I was meditating on Psalm 119 today and it really spoke to me.
"My soul melts away for sorrow;
strengthen me according to your word."
"This is my comfort in my distress,
that your promise gives me life."
"Those who fear you shall see me and rejoice,
because I have hoped in your word."
"Let your steadfast love become my comfort
according to your promise to your servant."

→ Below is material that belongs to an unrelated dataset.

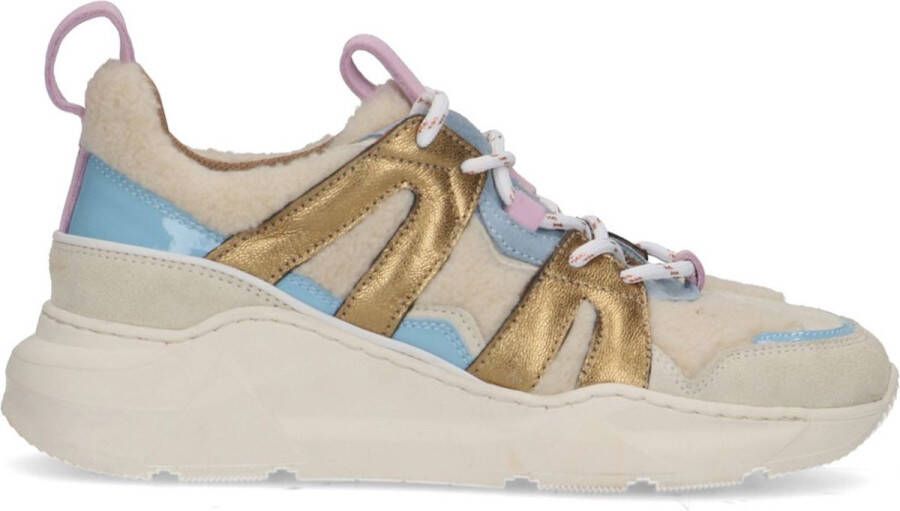 Sacha Dames Beige sneakers met gekleurde en fluffy detail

"If your law had not been my delight,
I would have perished in my misery."
"I am yours; save me,
for I have sought your precepts."
"Great peace have those who love your law;
nothing can make them stumble."
Since Midi and Nathan died, I have had two major times where I cried out to God. Those two times were not your ordinary, run-of-the-mill times of prayer. I cried out desperately from the depths of my soul, completely naked before God in ways that I have never done before. And He answered me both times. The first time was before the family viewing at the mortuary a week after they died. I went in to the viewing room alone about an hour before anyone else arrived. Upon seeing them lying in the caskets, I wept uncontrollably. After a few minutes I kept repeating to myself, "They are not there." Then I cried out to God, "Help me, God. Help me believe. I believe, help my unbelief." And I asked Him to give me some kind of sign so that I could know that heaven and the promise of eternal life and resurrection were real. I was hoping for a supernatural sign. What happened a few minutes later that carried on through the rest of the evening was that God gave me peace. It may sound strange, but in one of the hardest nights of my life, His peace descended on me. I testify that it was real and even observable (ask anyone who was there). Peace is a fruit of the Holy Spirit. God answered my cries...just not exactly in the way that I was asking Him to. Skeptics can say what they will, but I tell you that God answered my prayers.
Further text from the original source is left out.